Anyone can remember scientific terms like exothermic and endothermic, but if there’s nothing real to relate these terms to, then nothing is truly learned. Analogies give a chance for individuals to develop inquiry skills. By making a comparison, teachers can shape the way students make connections and can encourage critical thinking. In science education, good analogies promote a good physical intuition. Sometimes though, as another example of what defines a “good” analogy, analogies can be lacking.
In my own example, there is a glaring issue. When a student picks up a ball, which was supposed to represent absorbing some light energy, the student still has the ball. Many students asked, “Where does the ball go?” In reality, the light doesn’t hang around the electron. This is a tenet of physics: conservation of energy. When the students acting as electrons stand up, that requires energy. The ball is supposed to represent what gives them that energy, but it never disappears.
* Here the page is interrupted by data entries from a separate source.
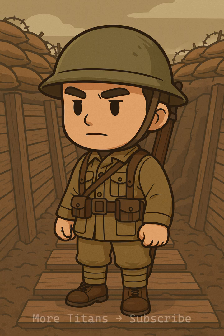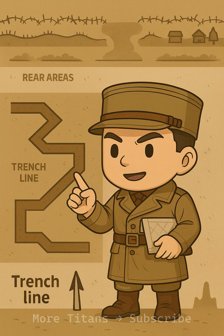From above, WW1 trenches looked like long scars on the earth, but up close they were organized systems built to keep soldiers alive under fire. Trenches were dug in zigzags, not straight lines. That way, a shell blast or enemy who broke in couldn't fire straight down the whole trench.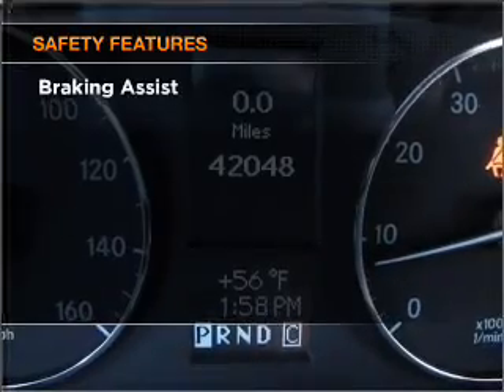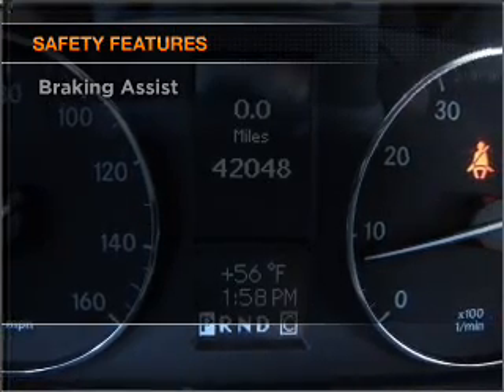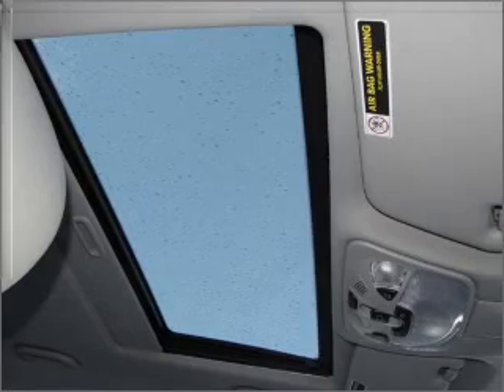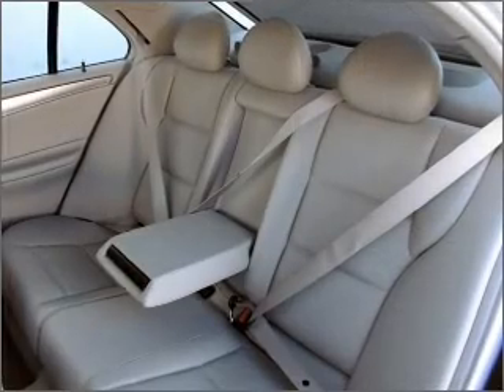And for your peace of mind, the following safety equipment is included: front ventilated disc brakes, passenger airbag, side airbag, curtain head airbags, stability control, and daytime running lights.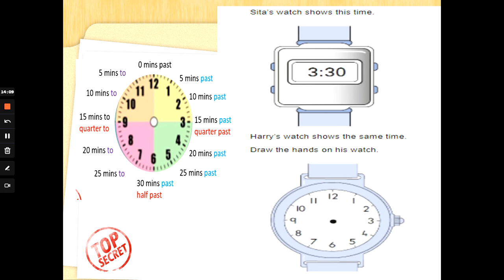Now, this is digital time. You've probably got an alarm clock or watch at home that shows numbers instead of hands. In digital time, the hour comes first and then the minutes. Seeta's watch shows 3:30. Harry's watch shows the same time — draw the hands on his watch. Counting in 5s: 0, 5, 10, 15, 20, 25, 30 — that's half past 3, because 30 is half of 60 minutes. Put the big hand at 6 and the hour hand past the 3.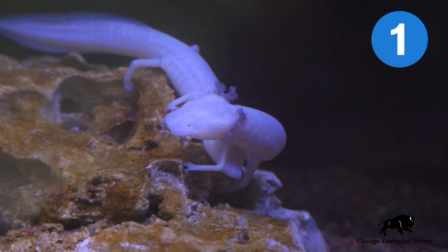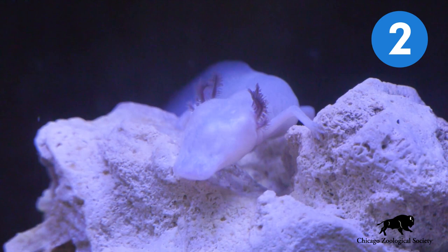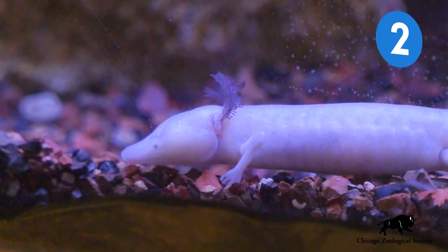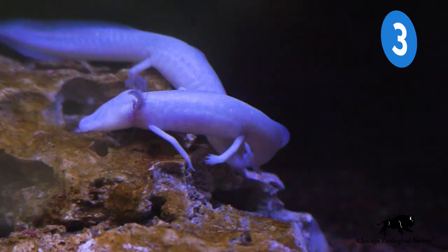The Texas Blind Cave Salamander lives in total darkness. They have no eyes; instead they have two tiny black dots under their skin. Those feathery ears that you see are actually gills that they use to breathe under the water.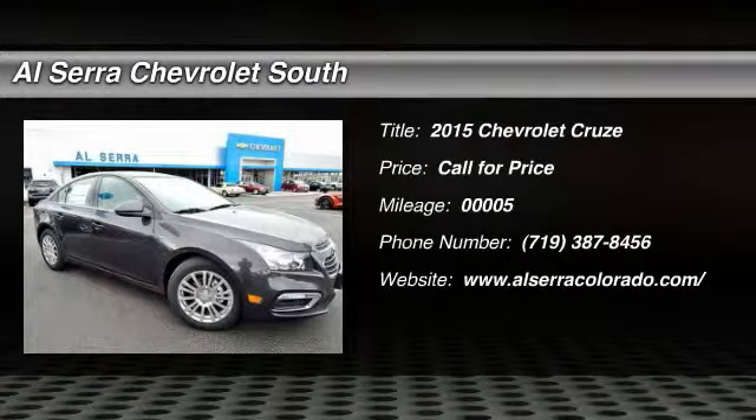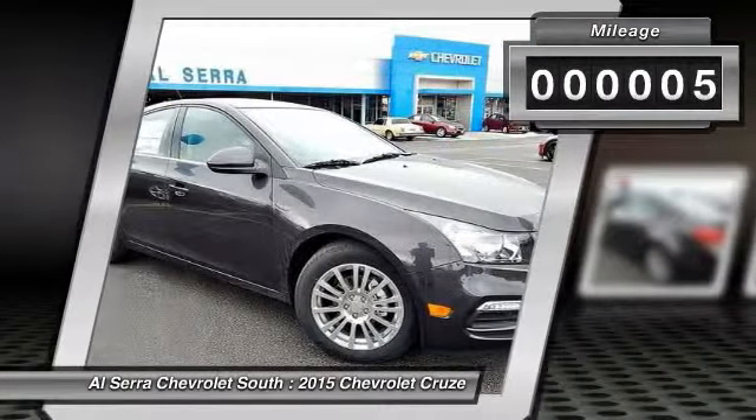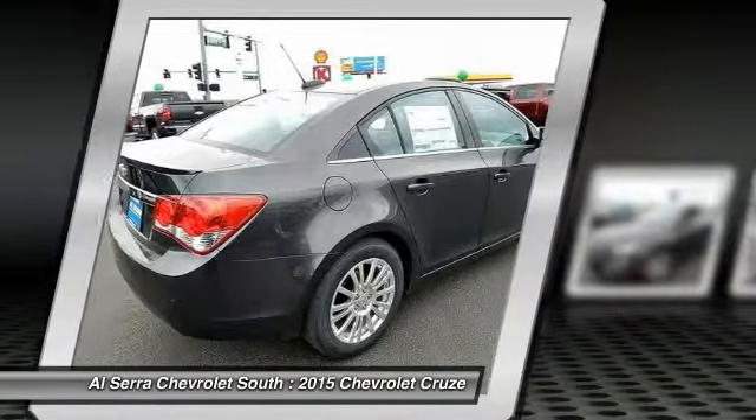The 2015 Chevy Cruze. The Cruze blueprint calls for more than you'd expect. This vehicle has less than 100 miles. Here are some of this vehicle's great options.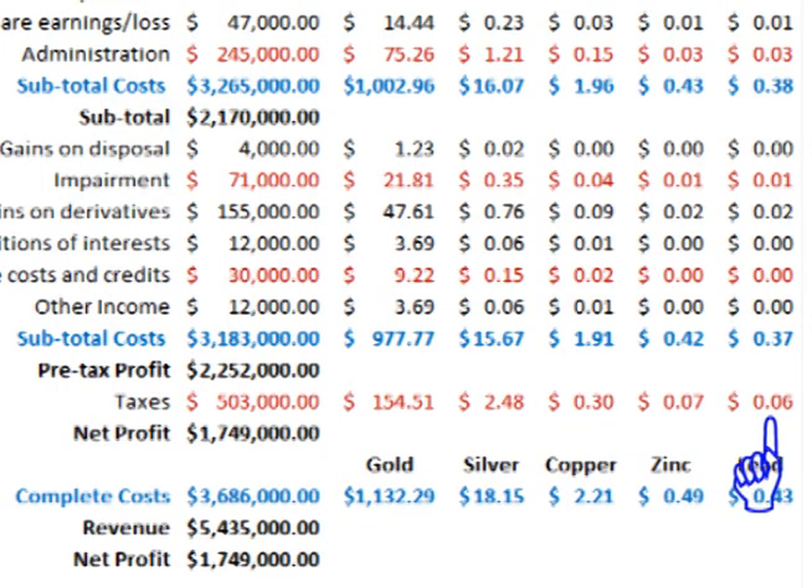After taxes, complete costs for each metal in 2012 come to $1,132.29 per ounce for gold, $18.15 per ounce for silver, $2.21 per pound for copper, $0.49 per pound for zinc, and $0.43 per pound for lead.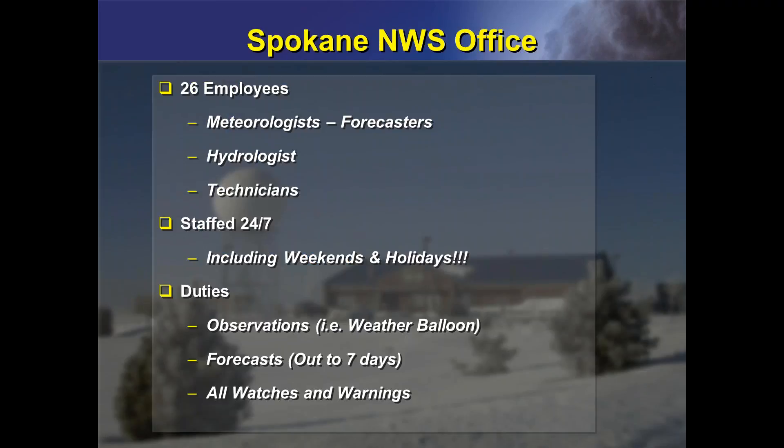First, we're going to talk about the National Weather Service. The Spokane office is located west of Spokane on the West Plains. In the office, we have about 26 employees. Most of them are meteorologists or forecasters. We do have one hydrologist and several technicians that keep things running smoothly in the office. Our office is open 24 hours a day, seven days a week, because weather never stops. This includes weekends and holidays.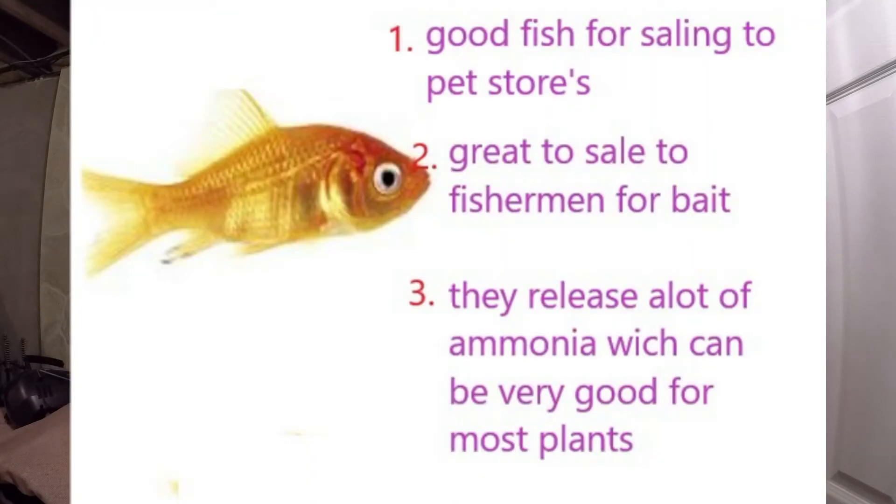The next fish is goldfish. You can sell those to pet stores, to anyone around the area looking for fish, and you can sell them for bait — they're really good for bass bait, catfish, musky, pike, and gar. If they get loose in a river, they can get massively big — we've all seen those pictures. Goldfish grow to the size of their tank, and they release a lot of ammonia, which can be very good for your plants.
Sometimes, holes in the analogy can get students caught up, and they lose track of relevant concepts. So not only is it important to know your audience (should I compare analogies to tools or to college dorm essentials?), it is also imperative that the analogy is fluid with any pedagogical platform that it has been built upon.
To hammer the point and to make this post a little more didactic, here are a couple of other scientific analogies, and I can try to go into a little detail on how effective they are.
Polymers are like spaghetti.
The long, extended molecules that make up what we call plastics can be described like spaghetti. Some polymers are like spaghetti with olive oil on it, where the polymer strands can slide past on another and stretch and flow (like Silly Putty). Other polymers are like old cooked spaghetti, dry and tangled so that each strand can’t really slide around. This would be more like Tupperware, which can still bend but is also pretty rigid. This analogy is fairly effective and can hit a wide audience. However, it isn’t very deep. There are lots of other descriptions for polymers that spaghetti just can’t quite cover.
Electricity is like flowing water.
The hydraulic analogy for electricity is ancient. Even the great pioneer of electromagnetism, James Clerk Maxwell, related electricity to the flow of a fluid (although he, being so cognizant in physics, chose the flow of heat to relate electricity). This analogy matches extremely well; volume can be related to charge; water pressure is related to potential; and current and water flow rate match up really well. Of course, simplifications like this are often deficient, and this analogy doesn’t hold up when considering how water pipes can leak or how flowing electrons can affect other flowing electrons far away.
Analogies can be powerful tools, but they should be used with caution. Don’t tell an audience in the UK that a good analogy is like a wrench. (You’ll need to use the word “spanner” here.) And avoid ostracizing your audience by giving an incomplete analogy (like how researchers explained that photosynthesis is like baking a cake, except that cake baking has no chlorophyll equivalent). Build up your analogies and you’ll help students understand, but you can also give them the capacity to think creatively in the future.